What to do: The records are to be repeated exactly, and any images in them are to be dropped.
[[ Listed entries open ]]
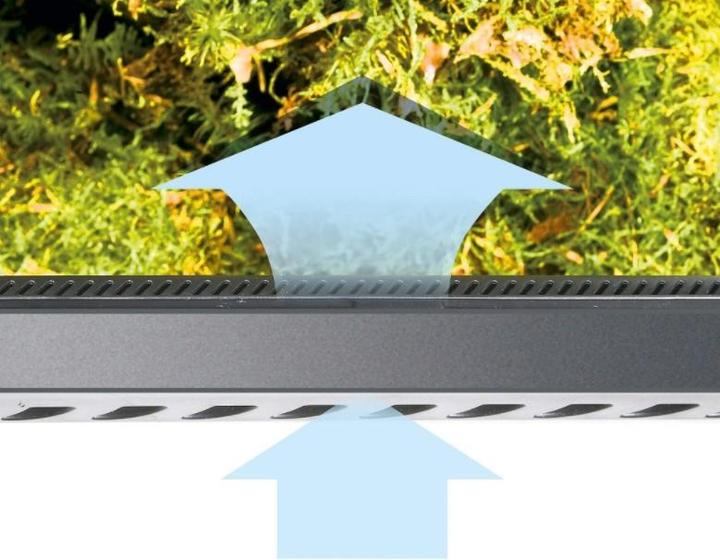 Produktbild Exo Terra Terrarium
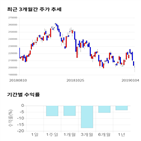 종목,점수,투자,기업,삼성,측면,주가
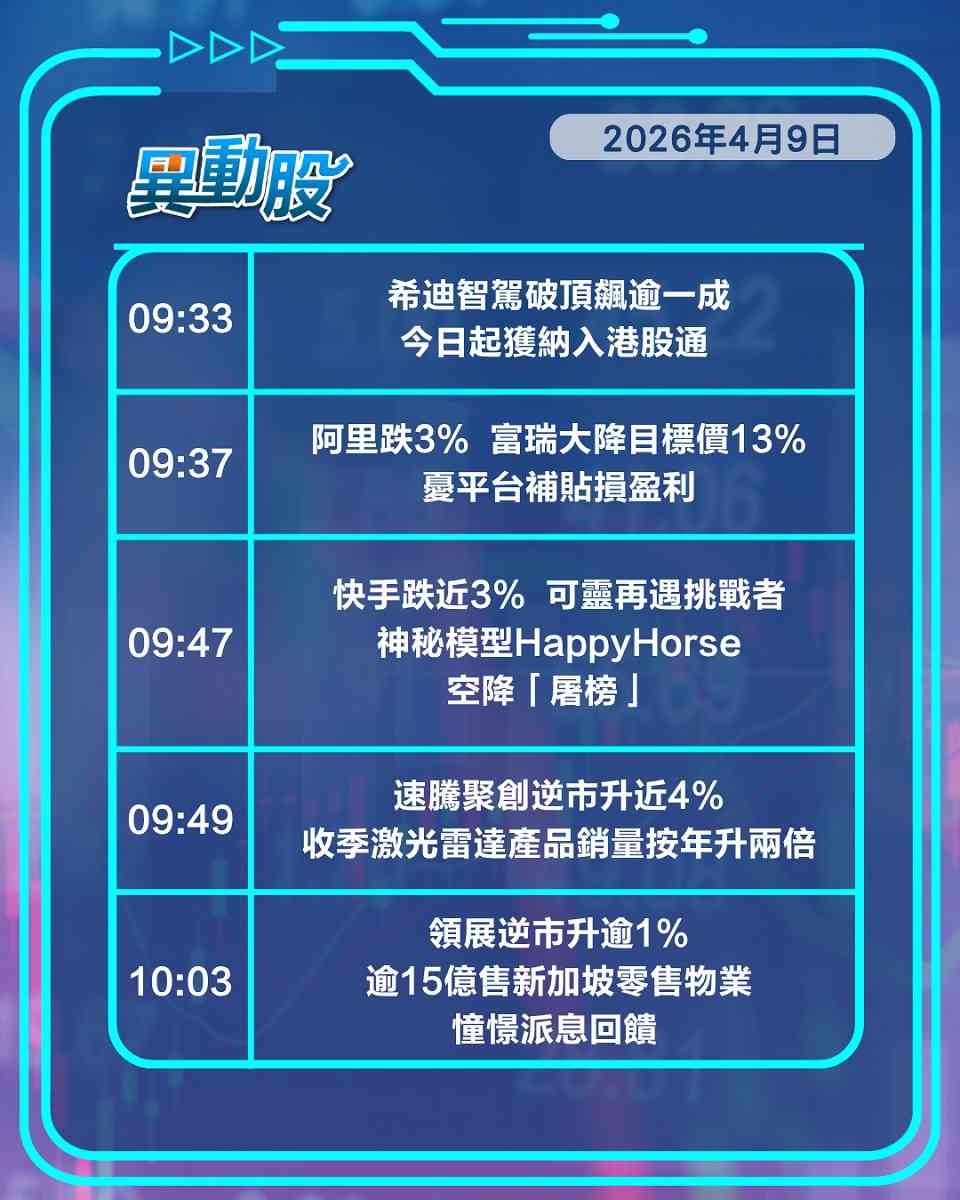 異動精選 | 新對手橫空出世嚇挫快手，綠茶上市未滿一年遭戰略股東清倉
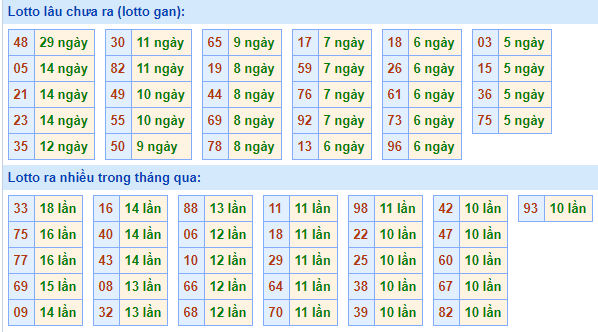 Bảng kê tần suất lô tô miền Bắc hôm nay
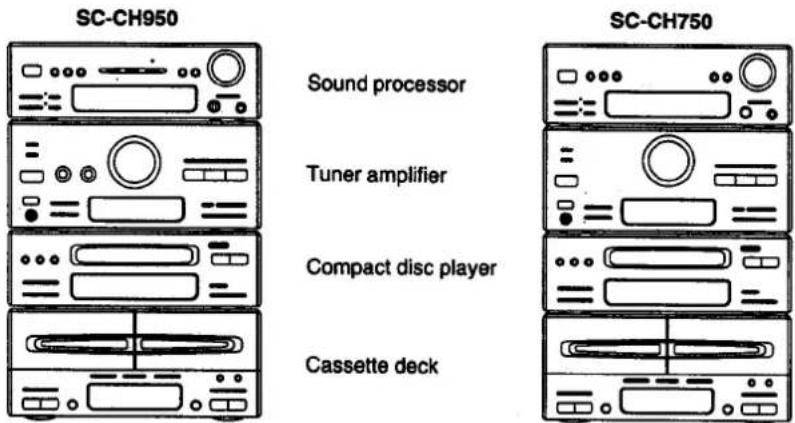 SC-CH950 Sound processor Tuner amplifier Compact disc player Cassette deck SC-CH750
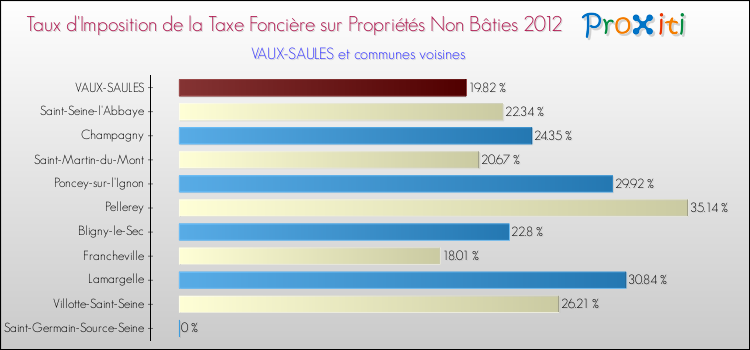 Taux d'imposition de la taxe foncière sur les immeubles et terrains non batis 2012 pour VAUX-SAULES et les communes proches Comparaison des taux d'imposition de la taxe foncière sur les immeubles et terrains non batis 2012 pour VAUX-SAULES et les communes voisines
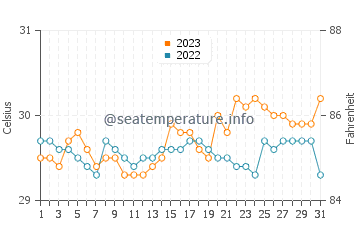 Sumalig water temp chart in October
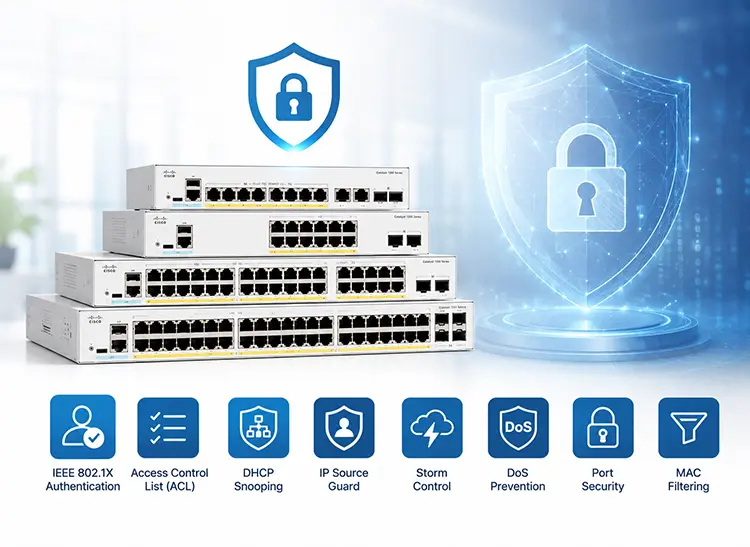 Cisco Catalyst C1200 Series bảo mật đáng tin cậy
[[ Listed entries closed ]]
Result:
 Produktbild Exo Terra Terrarium
 종목,점수,투자,기업,삼성,측면,주가
 異動精選 | 新對手橫空出世嚇挫快手，綠茶上市未滿一年遭戰略股東清倉
 Bảng kê tần suất lô tô miền Bắc hôm nay
 SC-CH950 Sound processor Tuner amplifier Compact disc player Cassette deck SC-CH750
 Taux d'imposition de la taxe foncière sur les immeubles et terrains non batis 2012 pour VAUX-SAULES et les communes proches Comparaison des taux d'imposition de la taxe foncière sur les immeubles et terrains non batis 2012 pour VAUX-SAULES et les communes voisines
 Sumalig water temp chart in October
 Cisco Catalyst C1200 Series bảo mật đáng tin cậy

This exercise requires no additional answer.